May 30, 2006
City awaits TTC strike fallout
Labour relations board slams TTC union for illegal action that halted transit system
By ROB GRANATSTEIN, CITY HALL BUREAU

A transit worker, who wouldn't give her name, kicks back at the Greenwood yards yesterday. (Photo: Michael Peake, Toronto Sun.)

Stranded TTC riders and gridlocked drivers have only the Amalgamated Transit Union to blame for yesterday's illegal wildcat strike and mayhem on the roads.

While it's expected to be business as usual today, there's no word what penalty -- if any -- workers will face for crippling the system and the city for nearly a full day.

The TTC's 700,000 passengers found the brakes slammed on the transit system over 22 janitors being switched from day to night shift and eight jobs eliminated in TTC budget cuts.

The Ontario Labour Relations Board ruled yesterday that the strike was illegal.

"What the TTC union has done is illegal, unlawful and absolutely unacceptable," Mayor David Miller said. "I never believed they would break the law. I think all Torontonians' faith was shaken a little bit today."

Miller refused to speculate on sanctions for workers. He said he spent yesterday working on getting the TTC rolling.

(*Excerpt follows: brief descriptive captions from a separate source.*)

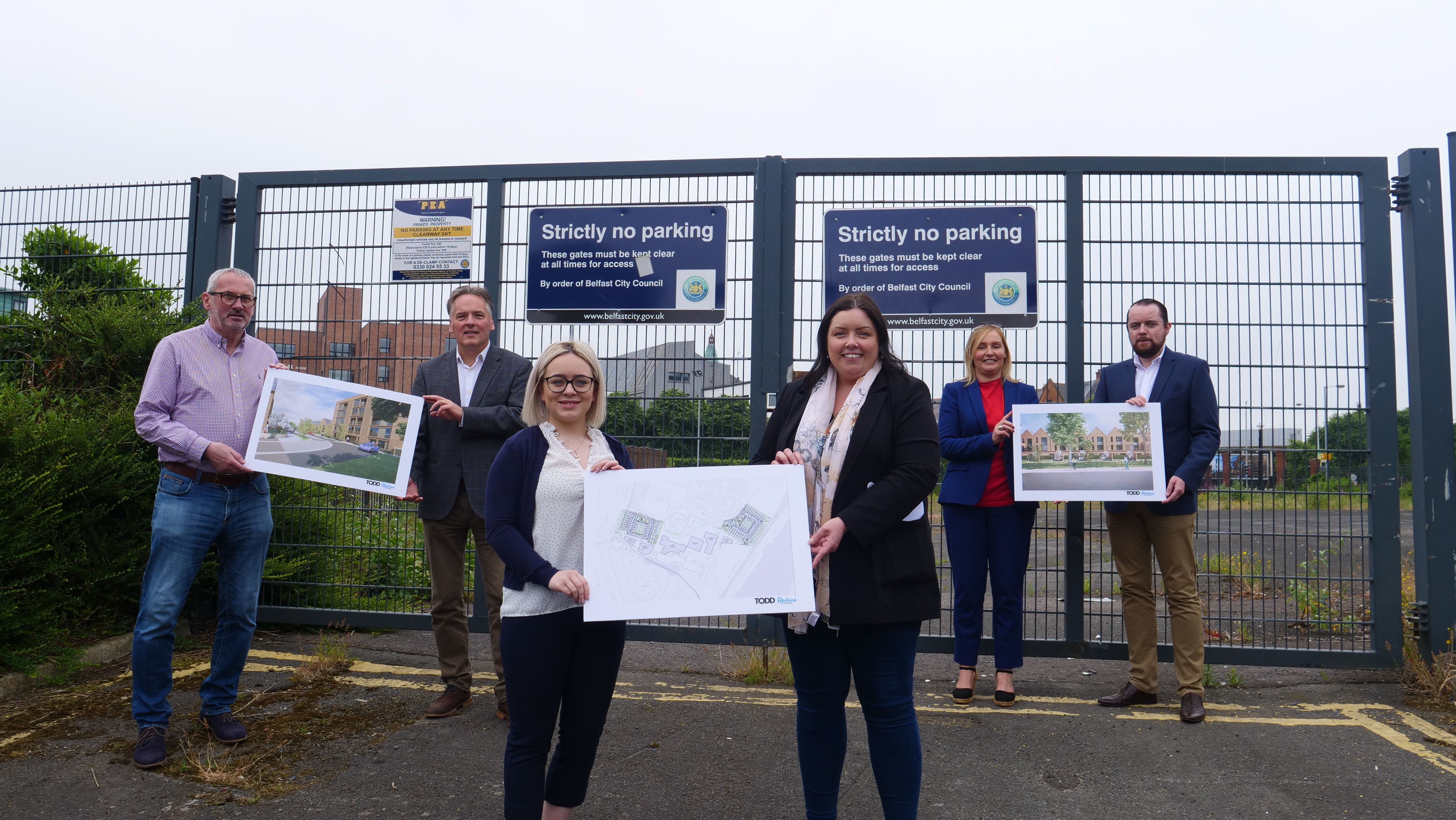 WELCOME NEWS: Communities Minister Deirdre Hargey joined the Market Development Association team to welcome the planning permission for 94 homes at the Gasworks 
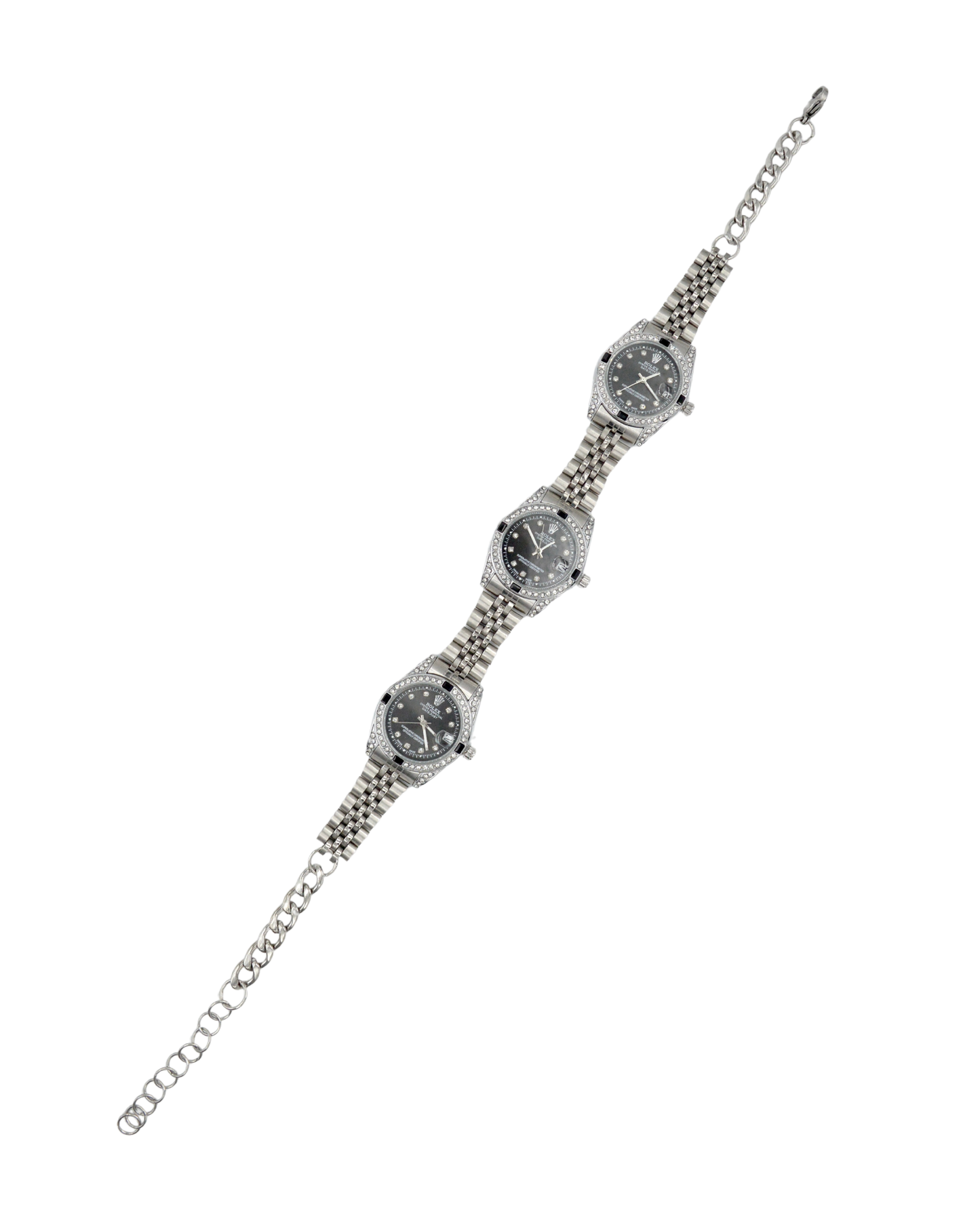 collar TRÍO rolex negro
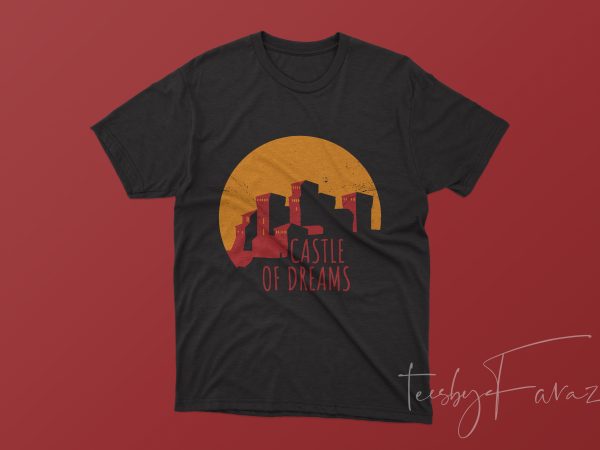 Cartoon castle of dreams graphic t-shirt design
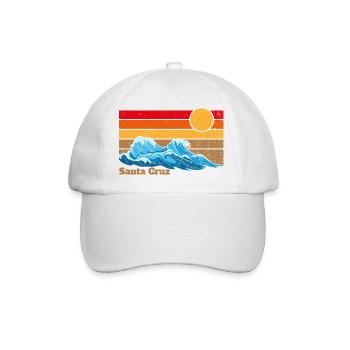 Santa Cruz Waves Gift Retro Vintage Old - Baseball Cap - white/white - Front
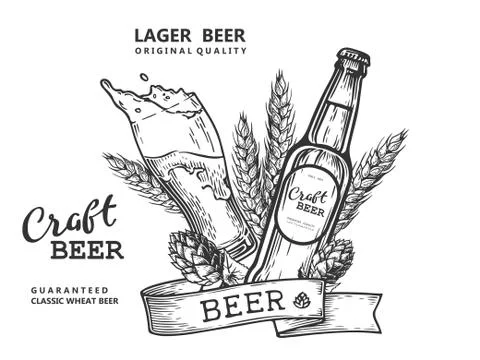 Beer emblem bw Stock Illustration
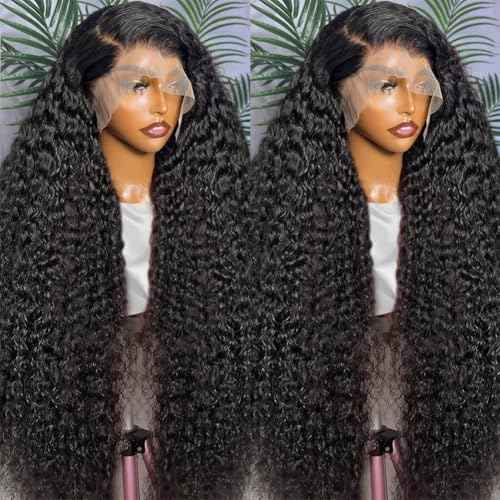 SQU&CIR 16 Inch Deep Wave Lace Front Wigs Human Hair 13x4 HD Lace Front Wigs Human Hair Pre Plucked Brazilian Deep Wave Wig Human Hair Deep Wave Wig 180 Density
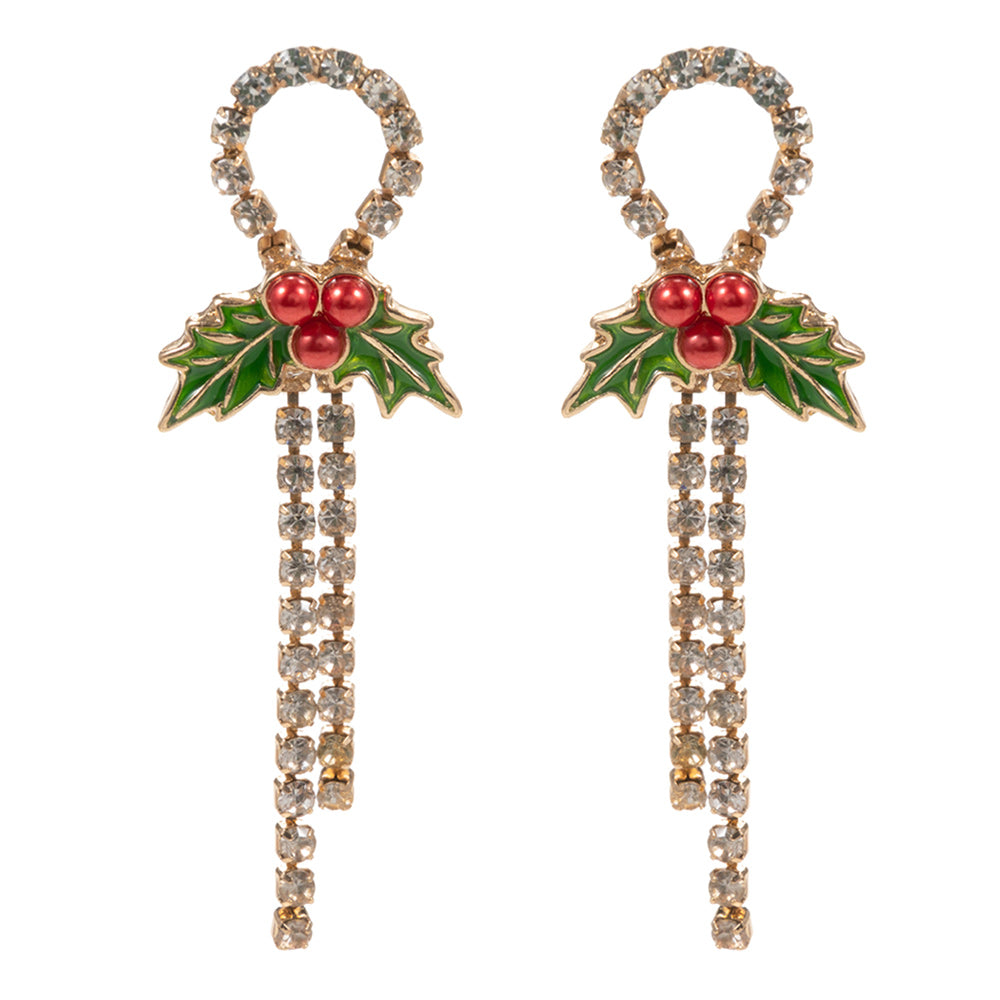 iLLASPARKZ Pointsettia Pointed Rhinestone Paved Earrings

Maintenance workers set up picket lines and drivers refused to cross them overnight, but ATU Local 113, representing the 8,500 workers, claimed it wasn't striking but being locked out by the TTC.

"The TTC signed up very senior employees to very junior positions on night shift, cleaning toilets," ATU lawyer Heather Alden told the OLRB. "It was the employer being deliberately provocative."

Alden said the workers all showed up for work at their regular times, but the TTC prevented them from working their old shifts. Anyone who refused to comply was relieved of their duties.

"It's the TTC who said you are fired," Alden said.

But twice yesterday the labour board ordered the workers to "cease and desist" from the walkout, which stopped 1,500 buses, 700 subway trains and 250 streetcars.

The board's vice-chairman Brian McLean heard the noon-time appeal from the ATU local 113 -- the second hearing of the day -- at which the union claimed the TTC locked out its employees, changed their work schedules and dismissed any seniority workers had earned.

'UNTIMELY, UNLAWFUL'

"Employees have responded to management action by engaging in a strike which, given that there is a collective agreement in place, is untimely and unlawful," McLean wrote in his decision released shortly after 2 p.m.

"The union and its members are familiar with the 'work now, grieve later' principle," McLean wrote.

If the TTC is seen to be violating the agreement, then workers should file a grievance, not strike, he wrote.

Union president Bob Kinnear was extremely disappointed but he told his members to get back to work.

"The problems we have at the TTC have not gone away," he said. "Things aren't going to get better."

Kinnear, a rookie president up for re-election this fall, said his members took matters into their own hands -- he was not the mastermind of this wildcat strike.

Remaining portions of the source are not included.